- _Exercise data_:
══════════════════════════════

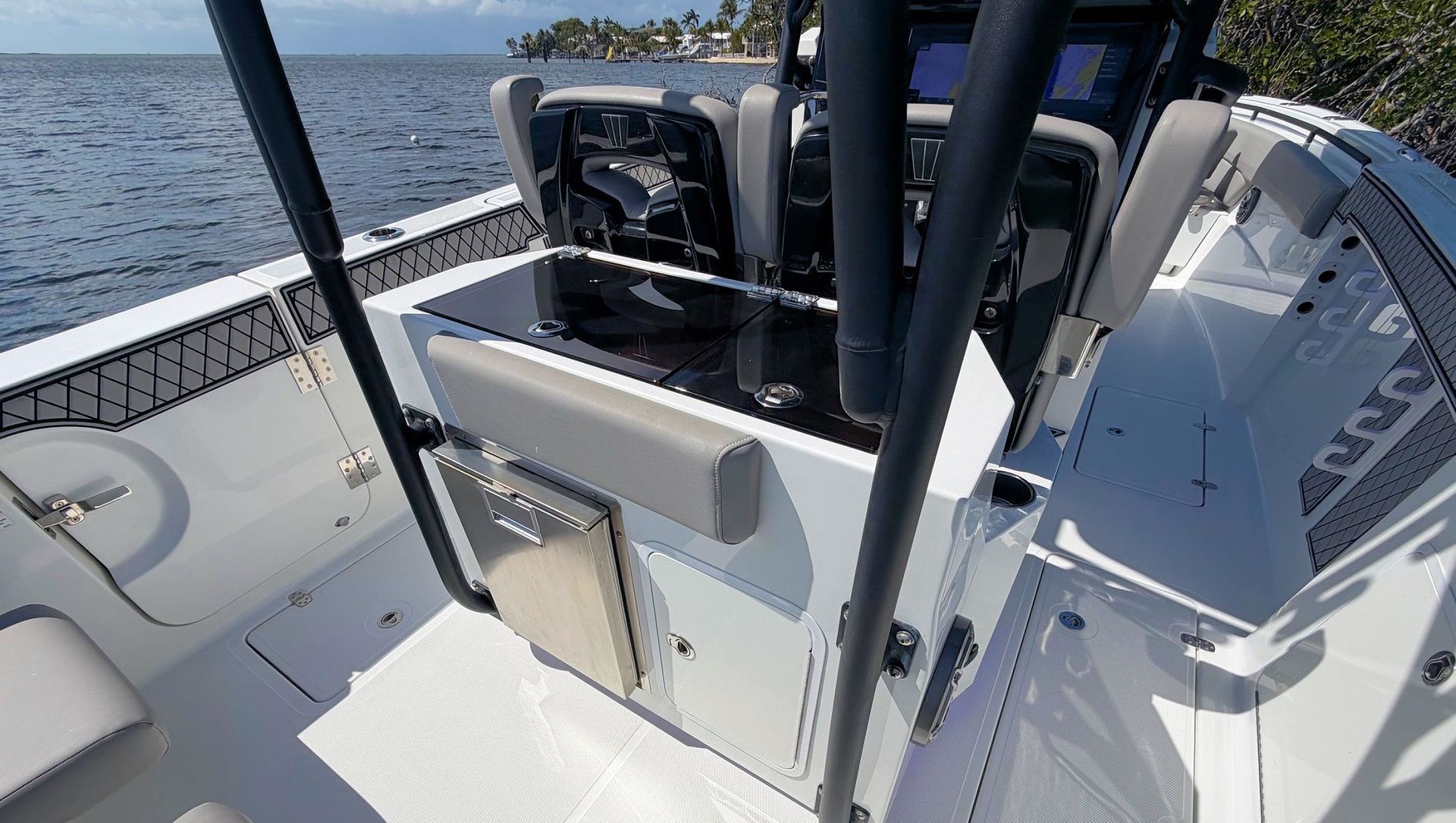 Boating cockpit with white deck, black railings, and open water beside the vessel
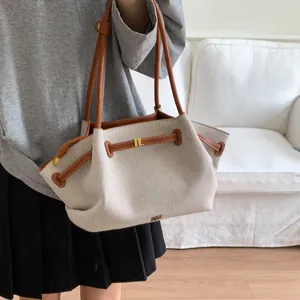 Detail of canvas tote bag showing drawstring closure, leather trim and gold metal logo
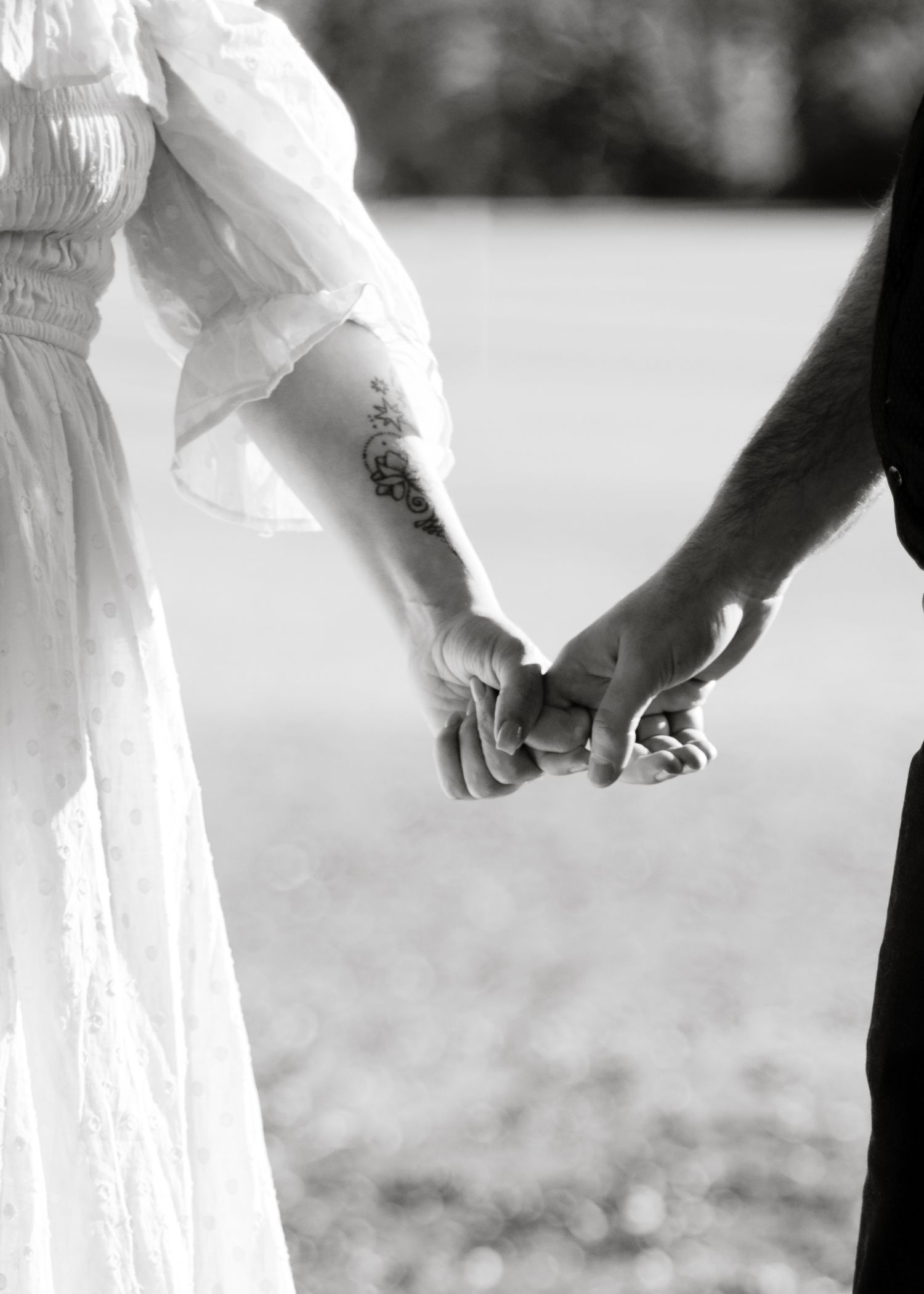 A couple holds hands at a park near Austin, Texas.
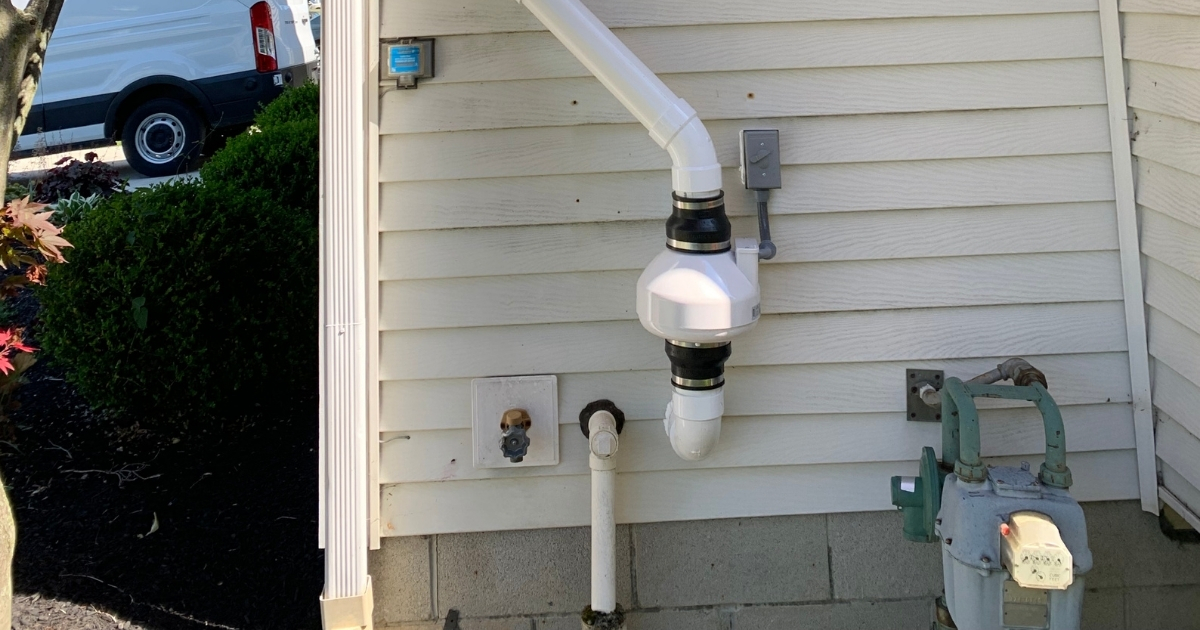 radon fan installed on the exterior wall of a residential home in columbus ohio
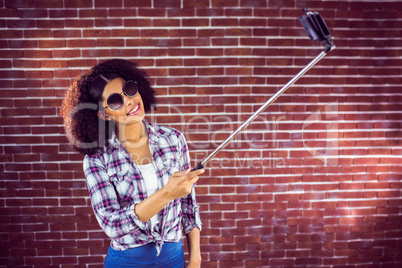 Attractive hipster taking selfies with selfiestick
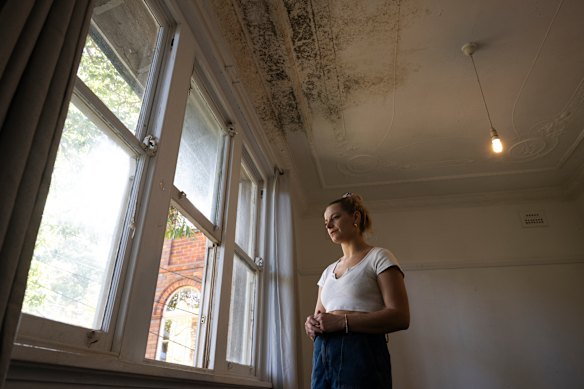 Holly Konopka in her rented Coogee apartment with mould and mushrooms growing on the ceiling.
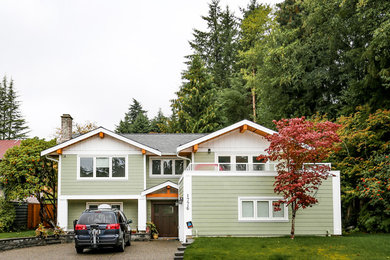 Large arts and crafts green two-story concrete fiberboard exterior home photo in Vancouver with a shingle roof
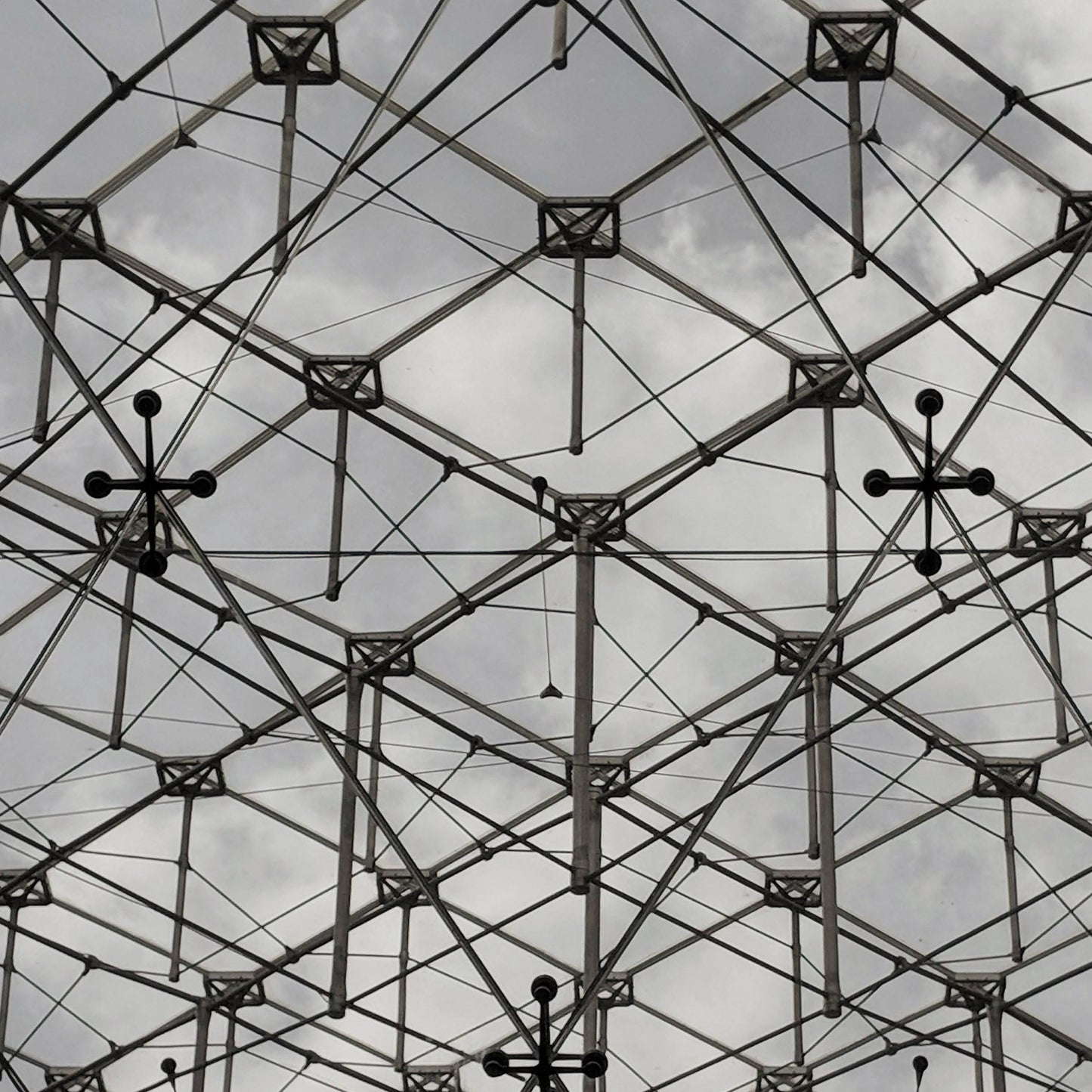 Abstract view of a geometric lattice structure against a cloudy sky, highlighting its interconnected framework and industrial design.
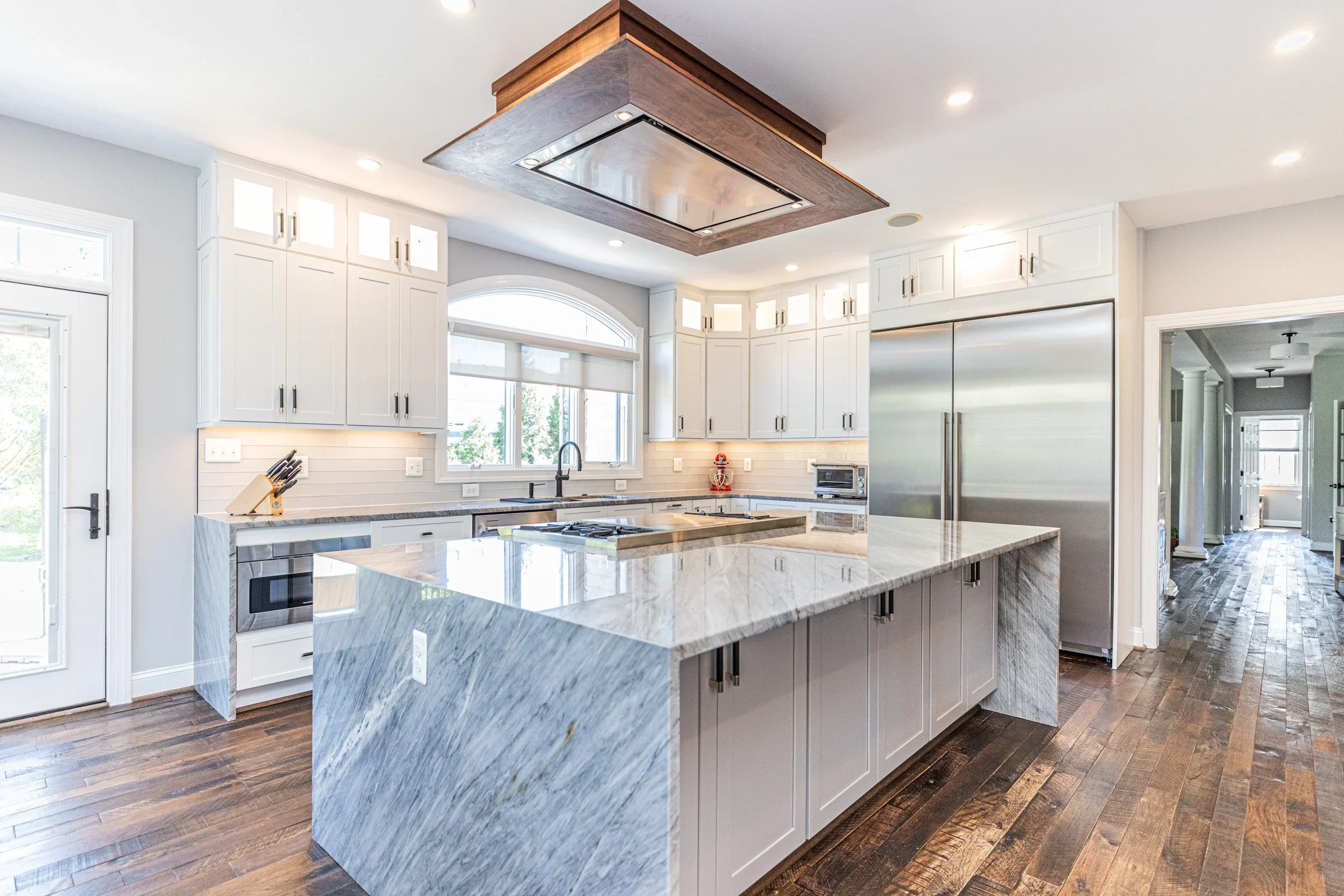 Modern kitchen with white cabinets, marble island, stainless steel refrigerator, microwave, and large window with blinds.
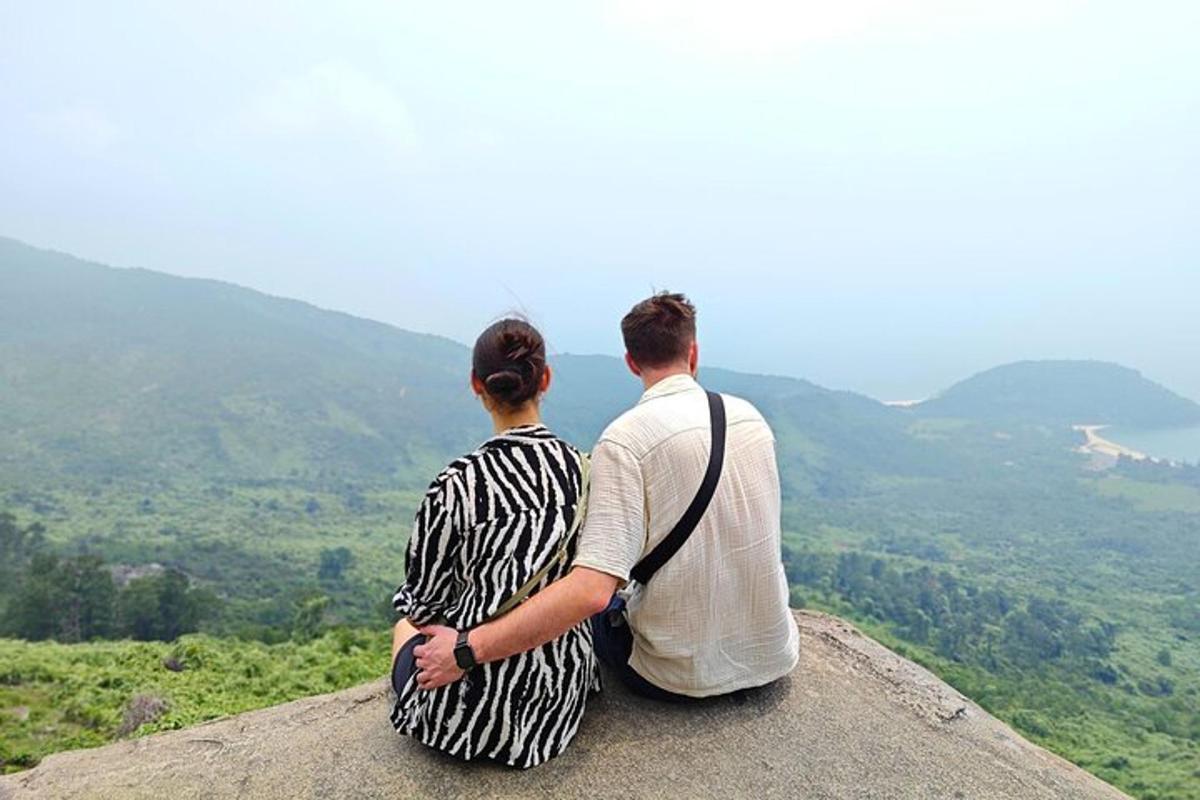 Un hombre y una mujer sentados en la cima de una montaña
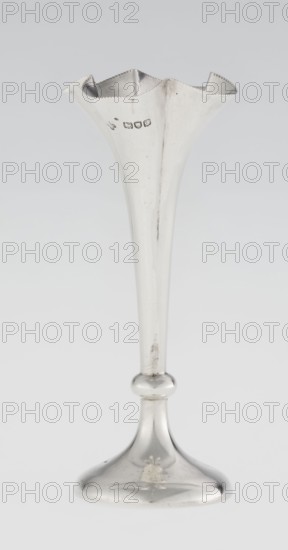 Chalice-shaped vase, maker: Woodward, Horace & Co Ltd Birmingham, London; fl. ca 1851–1919; corporate slogans / goldsmith's firm; purchase provenance; scrap - purchase. Flowers vessel, pearling ornament. Vase supported on a circular foot transitioning into a short stem terminating in a ring, with a goblet in the form of a slender flower calyx; tall, conical, quarter-part at the top edged with pearling. Date: 1899/1900. Place: Great Britain — England, London. Vessel. Height 12.5 cm; width 5.5 cm; depth 5.5 cm; weight 38 g., A tall slender metal vessel with a flared, scalloped rim and a narrow elongated stem widening into a rounded knop and a domed base; the surface is reflective and shows areas of slight tarnish and small scratches; visible colors include silver tones on the metal and subtle gray variations in the background.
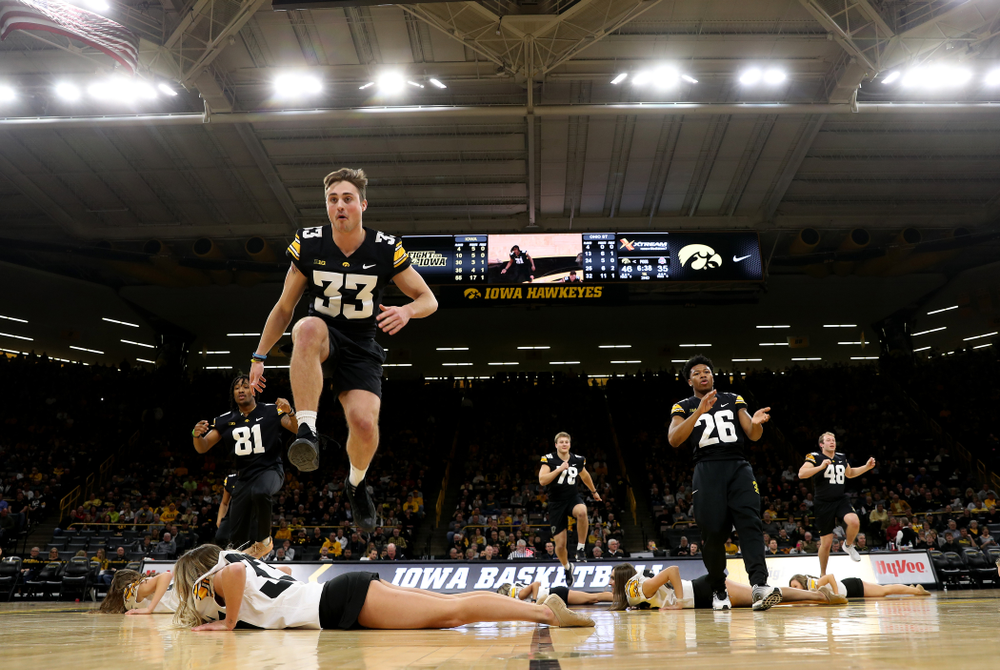 Members of the Hawkeye Football team performs with the Iowa Dance Team at halftime of the Iowa Hawkeyes game against the Ohio State Buckeyes Thursday, February 20, 2020 at Carver-Hawkeye Arena. (Brian Ray/hawkeyesports.com)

══════════════════════════════

- _Exercise instructions_: Each line of the data above is to be output exactly; the pictures are not to appear.

- _The completed task_:
 Boating cockpit with white deck, black railings, and open water beside the vessel
 Detail of canvas tote bag showing drawstring closure, leather trim and gold metal logo
 A couple holds hands at a park near Austin, Texas.
 radon fan installed on the exterior wall of a residential home in columbus ohio
 Attractive hipster taking selfies with selfiestick
 Holly Konopka in her rented Coogee apartment with mould and mushrooms growing on the ceiling.
 Large arts and crafts green two-story concrete fiberboard exterior home photo in Vancouver with a shingle roof
 Abstract view of a geometric lattice structure against a cloudy sky, highlighting its interconnected framework and industrial design.
 Modern kitchen with white cabinets, marble island, stainless steel refrigerator, microwave, and large window with blinds.
 Un hombre y una mujer sentados en la cima de una montaña
 Chalice-shaped vase, maker: Woodward, Horace & Co Ltd Birmingham, London; fl. ca 1851–1919; corporate slogans / goldsmith's firm; purchase provenance; scrap - purchase. Flowers vessel, pearling ornament. Vase supported on a circular foot transitioning into a short stem terminating in a ring, with a goblet in the form of a slender flower calyx; tall, conical, quarter-part at the top edged with pearling. Date: 1899/1900. Place: Great Britain — England, London. Vessel. Height 12.5 cm; width 5.5 cm; depth 5.5 cm; weight 38 g., A tall slender metal vessel with a flared, scalloped rim and a narrow elongated stem widening into a rounded knop and a domed base; the surface is reflective and shows areas of slight tarnish and small scratches; visible colors include silver tones on the metal and subtle gray variations in the background.
 Members of the Hawkeye Football team performs with the Iowa Dance Team at halftime of the Iowa Hawkeyes game against the Ohio State Buckeyes Thursday, February 20, 2020 at Carver-Hawkeye Arena. (Brian Ray/hawkeyesports.com)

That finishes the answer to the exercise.